Entries taken from a collection

★ ★ ★

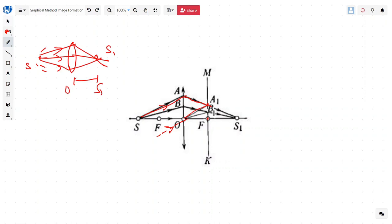Now let's consider ray SB, draw a parallel to it, and we know that because these are parallel rays, they are going to meet again on the focal plane at B. The third ray we want to draw is from S through the optical center, and it will pass straight. As the rays meet, they will travel in a straight line and cut again at S1, and this is where the image will be formed.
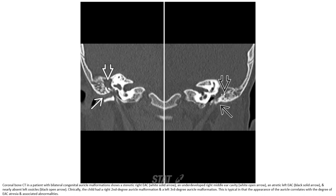Coronal CT image of bilateral combined auricular malformation: a stenotic right external ear canal and underdeveloped right middle ear cavity, and atretic left external ear canal with nearly absent ossicles. The child had second-degree auricular malformation on one side and third-degree auricular malformation on the other, typical in appearance with varying degrees of ear canal atresia and associated ossicular abnormality.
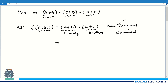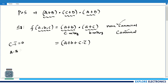So how do we convert this? In (a + b), c is missing. We write a + b as it is, and add the missing term as plus (c · c̄). The reason is: c · c̄ = 0, just as a · ā = 0, so this does not change the value of (a + b). Similarly in the second term (a + c), b is missing, so we write (a + c) and add b · b̄.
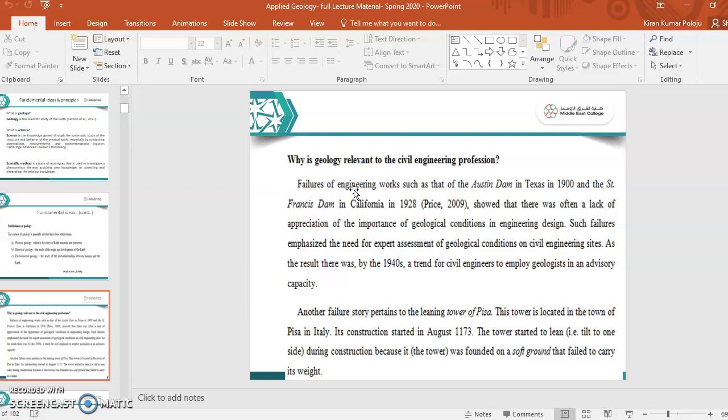Here, if you see, the important thing you should remember: to construct any structure on the Earth, we should know the type of soil. We should know the bearing capacity of the soil. Any construction on the Earth depends on the type of the soil. The soil is on the Earth.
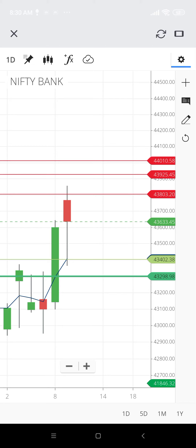Hi guys, good morning to everyone. Today is 12 December 2022 and we'll see where is the key support level for Bank Nifty and where is the key resistance level for Bank Nifty.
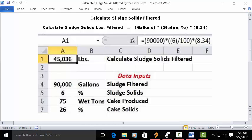Set it as bold and centered. In the address bar, type in this formula: equals sign, open parentheses, 90,000, close parentheses, multiplication key, open parentheses, 6, close parentheses, division key, 100, close parentheses. Then press Enter.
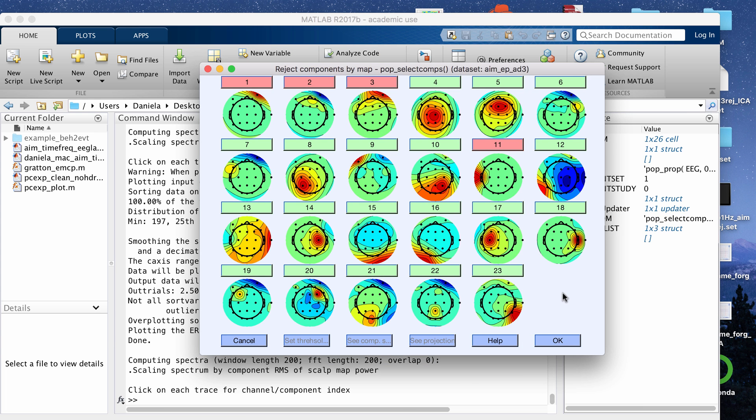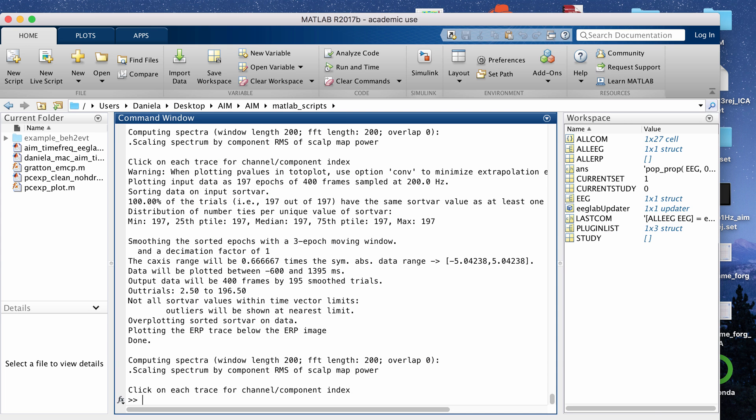I'm going to just leave it there and then just test out what the signal looks like after we take out the artifact from these four components. I'm going to click OK.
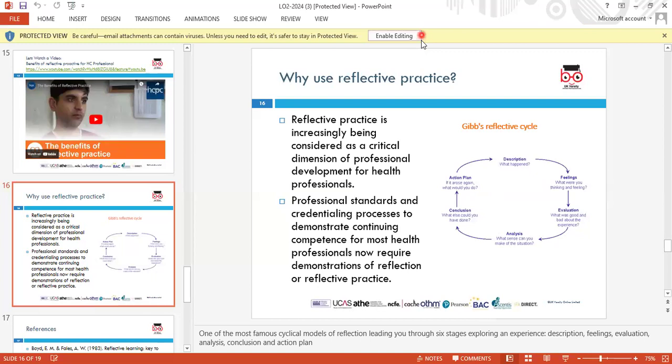The instructor notes that students can use other reflective models or measures as well — there are other learning cycles of reflection beyond Gibbs. Students are encouraged to Google alternatives. One student asks whether the model shown is a specific model, and the instructor says they will check.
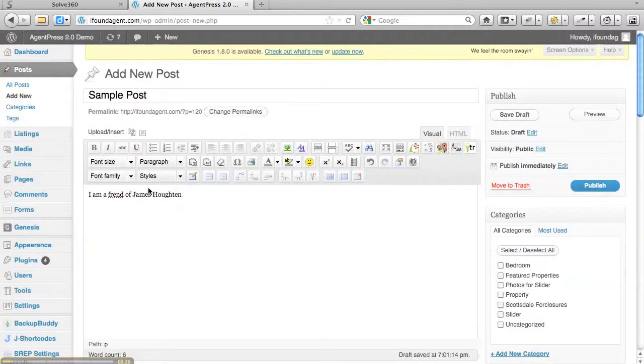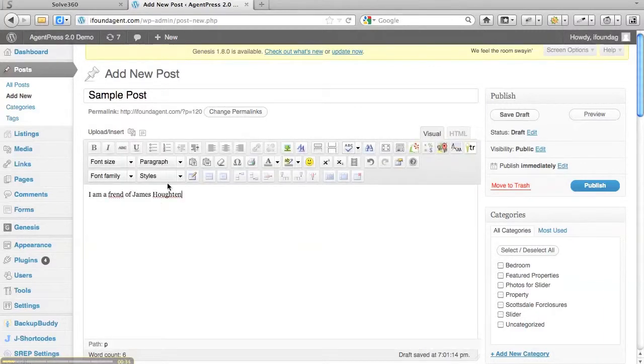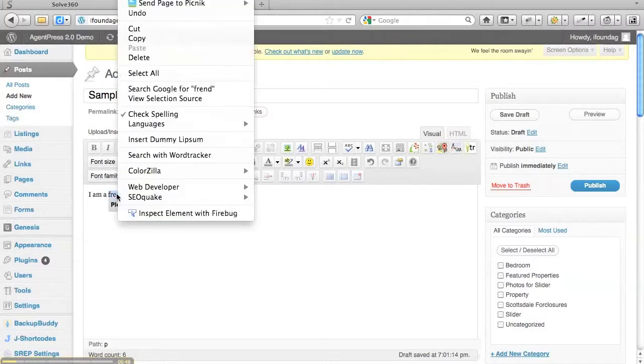Now there's a couple ways you can get to this. You can go to spell check and it's going to give me the suggestions. In this case the only error is friend.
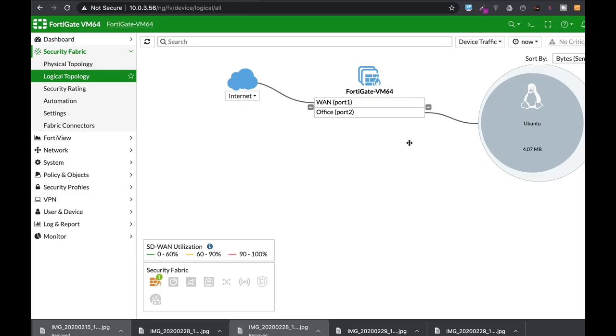Quarantine an IP source can seem a bit obvious. This is one of the fundamentals of every firewall out there. But there are some things that you need to know.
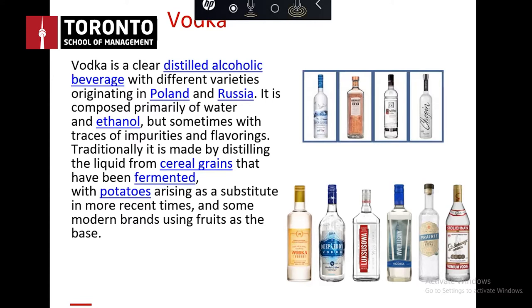At a martini bar in the 90s, it was very popular to infuse vodka. We used big five-gallon jars filled with fresh strawberries or hot peppers and vodka, letting it sit for a couple of weeks. After that, the vodka would taste like hot peppers or strawberries — it's a very easy liquor to infuse.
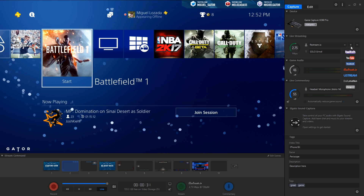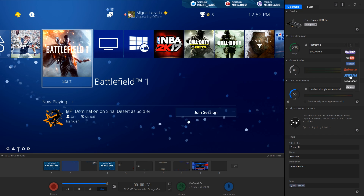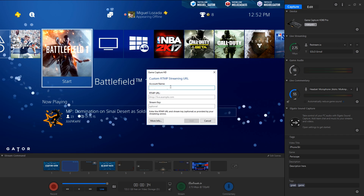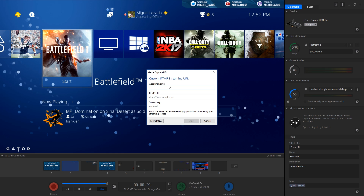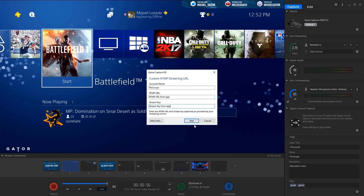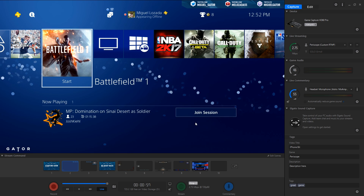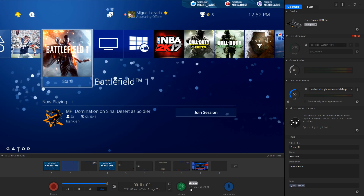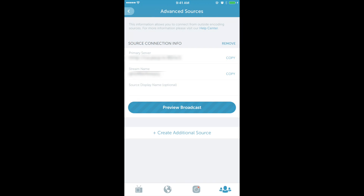Now pull up GameCapture software, click the Add Stream Account button here, and then you'll enter in the information from Periscope. Once this is added, you're able to hit the Stream button and you're ready to stream to Periscope.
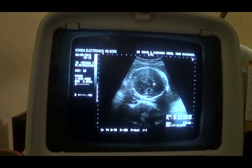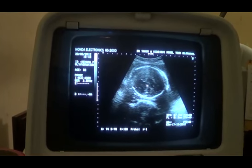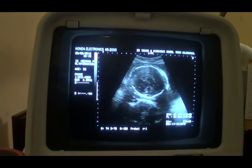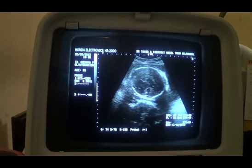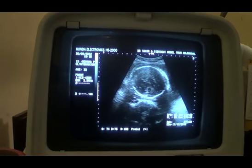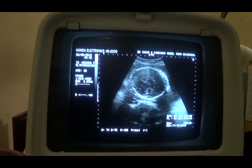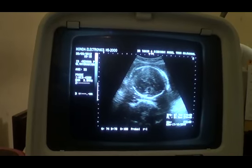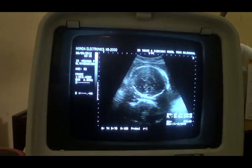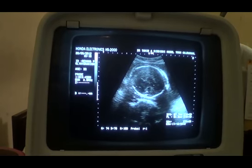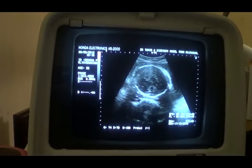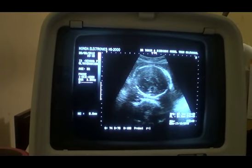This is the CSP, these are the thalami, this is the falx cerebri, and this is the interhemispheric fissure. The internal anatomy is fine — absolutely normal — and no dilation of the ventricles is seen.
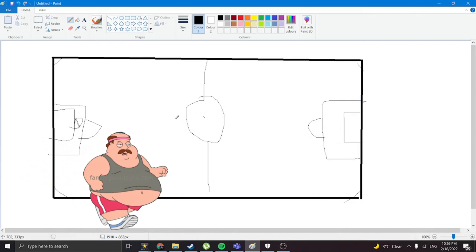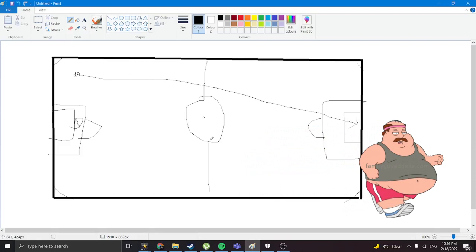American football coaches be like: Yeah mate, just get this ball right here into this net.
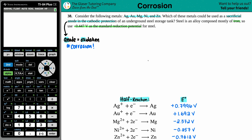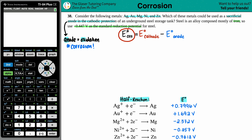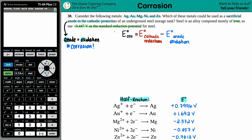We need to find what the total E_cell is using cathode minus anode. We have to protect the steel storage tank, so iron is the cathode — we don't want it to corrode, we want one of these five to corrode. Since we're protecting the iron, the cathode value is always -0.447 volts. Minus the anode value, which will be different for each metal.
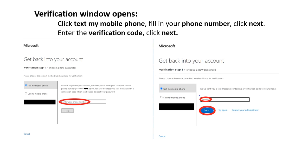Click Text My Mobile Phone. Fill in your phone number. Click Next. Enter the verification code and click Next.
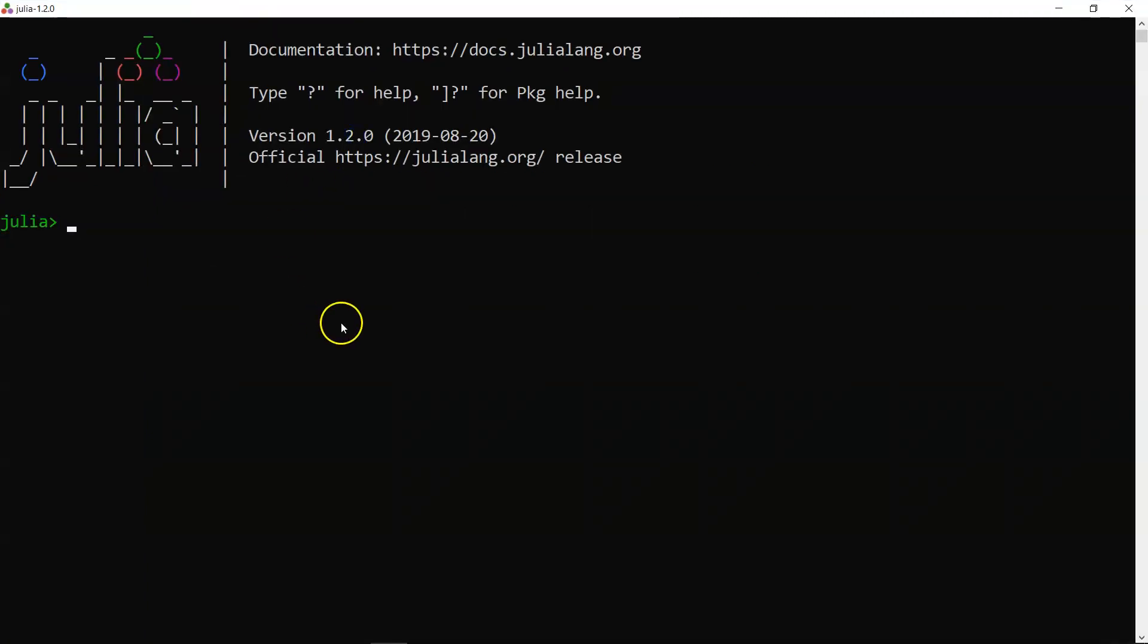That's about this topic - where you can download, how you can download and install it, and this is how your interface looks like. Now let's meet in the next topic.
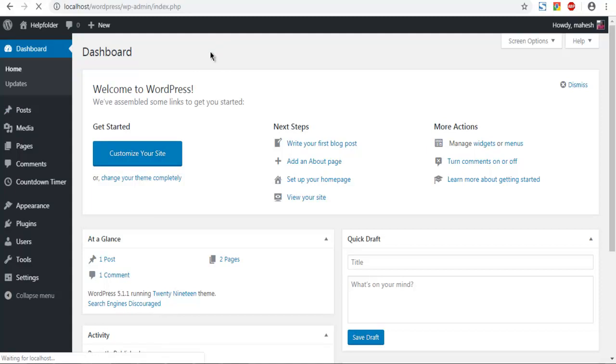Once you go to your specific post, simply click on Edit. Make sure that you are on Gutenberg and not on Classic editor.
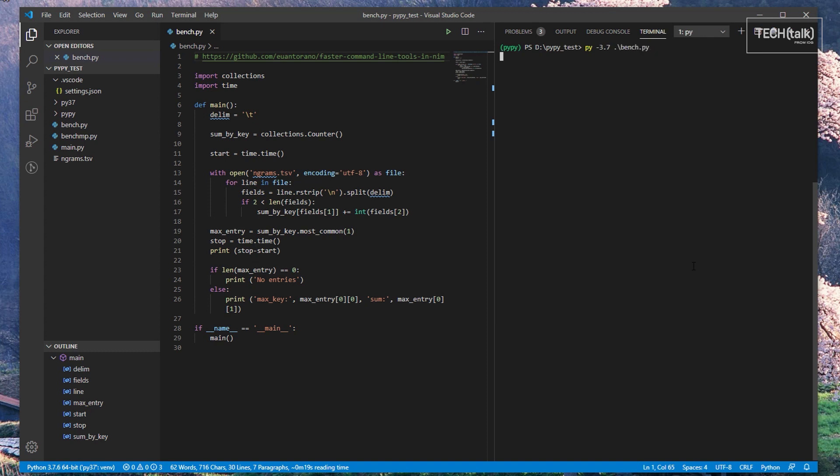To demonstrate this, I'm going to run a benchmark originally created by Uantorano that uses a portion of the Google Ngram dataset. On my system, this benchmark takes about 13 seconds to run when I use the original Python 3.7 interpreter. But when I run the exact same code using PyPy, it takes only 6.8 seconds to complete. In other words, we've doubled the performance of this script by doing nothing more than just changing out Python for PyPy.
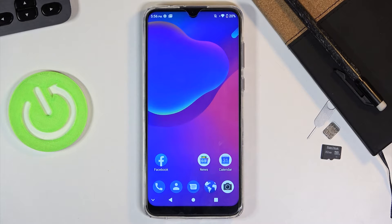Welcome, I'm here with the ZTE Blade 10 and today I'll show you a couple of tweaks and tricks you can do on this phone.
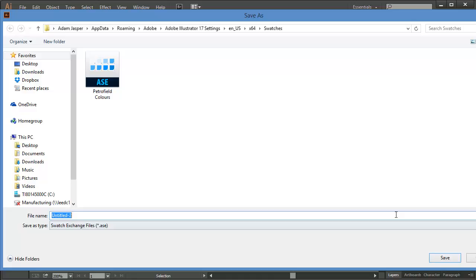Now save the ASE file to a location on your computer where it will be easy to find.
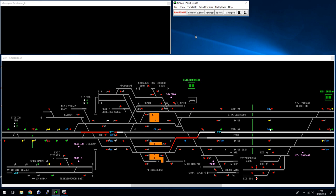Welcome back to SimSig tutorials. In this one I want to talk about ARS, which is Automatic Route Setting. Several simulations in SimSig use this, including Peterborough, Swindon, and Liverpool Street, possibly some others.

★ ★ ★

Restate the entries word for word, though any image they contain should not appear.

Now let's consider ray SB, draw a parallel to it, and we know that because these are parallel rays, they are going to meet again on the focal plane at B. The third ray we want to draw is from S through the optical center, and it will pass straight. As the rays meet, they will travel in a straight line and cut again at S1, and this is where the image will be formed.
Coronal CT image of bilateral combined auricular malformation: a stenotic right external ear canal and underdeveloped right middle ear cavity, and atretic left external ear canal with nearly absent ossicles. The child had second-degree auricular malformation on one side and third-degree auricular malformation on the other, typical in appearance with varying degrees of ear canal atresia and associated ossicular abnormality.
So how do we convert this? In (a + b), c is missing. We write a + b as it is, and add the missing term as plus (c · c̄). The reason is: c · c̄ = 0, just as a · ā = 0, so this does not change the value of (a + b). Similarly in the second term (a + c), b is missing, so we write (a + c) and add b · b̄.
Here, if you see, the important thing you should remember: to construct any structure on the Earth, we should know the type of soil. We should know the bearing capacity of the soil. Any construction on the Earth depends on the type of the soil. The soil is on the Earth.
Hi guys, good morning to everyone. Today is 12 December 2022 and we'll see where is the key support level for Bank Nifty and where is the key resistance level for Bank Nifty.
Set it as bold and centered. In the address bar, type in this formula: equals sign, open parentheses, 90,000, close parentheses, multiplication key, open parentheses, 6, close parentheses, division key, 100, close parentheses. Then press Enter.
I'm going to just leave it there and then just test out what the signal looks like after we take out the artifact from these four components. I'm going to click OK.
The instructor notes that students can use other reflective models or measures as well — there are other learning cycles of reflection beyond Gibbs. Students are encouraged to Google alternatives. One student asks whether the model shown is a specific model, and the instructor says they will check.
Now there's a couple ways you can get to this. You can go to spell check and it's going to give me the suggestions. In this case the only error is friend.
Quarantine an IP source can seem a bit obvious. This is one of the fundamentals of every firewall out there. But there are some things that you need to know.
At a martini bar in the 90s, it was very popular to infuse vodka. We used big five-gallon jars filled with fresh strawberries or hot peppers and vodka, letting it sit for a couple of weeks. After that, the vodka would taste like hot peppers or strawberries — it's a very easy liquor to infuse.
Now pull up GameCapture software, click the Add Stream Account button here, and then you'll enter in the information from Periscope. Once this is added, you're able to hit the Stream button and you're ready to stream to Periscope.
This is the CSP, these are the thalami, this is the falx cerebri, and this is the interhemispheric fissure. The internal anatomy is fine — absolutely normal — and no dilation of the ventricles is seen.
American football coaches be like: Yeah mate, just get this ball right here into this net.
We need to find what the total E_cell is using cathode minus anode. We have to protect the steel storage tank, so iron is the cathode — we don't want it to corrode, we want one of these five to corrode. Since we're protecting the iron, the cathode value is always -0.447 volts. Minus the anode value, which will be different for each metal.
Click Text My Mobile Phone. Fill in your phone number. Click Next. Enter the verification code and click Next.
That's about this topic - where you can download, how you can download and install it, and this is how your interface looks like. Now let's meet in the next topic.
Once you go to your specific post, simply click on Edit. Make sure that you are on Gutenberg and not on Classic editor.
To demonstrate this, I'm going to run a benchmark originally created by Uantorano that uses a portion of the Google Ngram dataset. On my system, this benchmark takes about 13 seconds to run when I use the original Python 3.7 interpreter. But when I run the exact same code using PyPy, it takes only 6.8 seconds to complete. In other words, we've doubled the performance of this script by doing nothing more than just changing out Python for PyPy.
Welcome, I'm here with the ZTE Blade 10 and today I'll show you a couple of tweaks and tricks you can do on this phone.
Now save the ASE file to a location on your computer where it will be easy to find.
Welcome back to SimSig tutorials. In this one I want to talk about ARS, which is Automatic Route Setting. Several simulations in SimSig use this, including Peterborough, Swindon, and Liverpool Street, possibly some others.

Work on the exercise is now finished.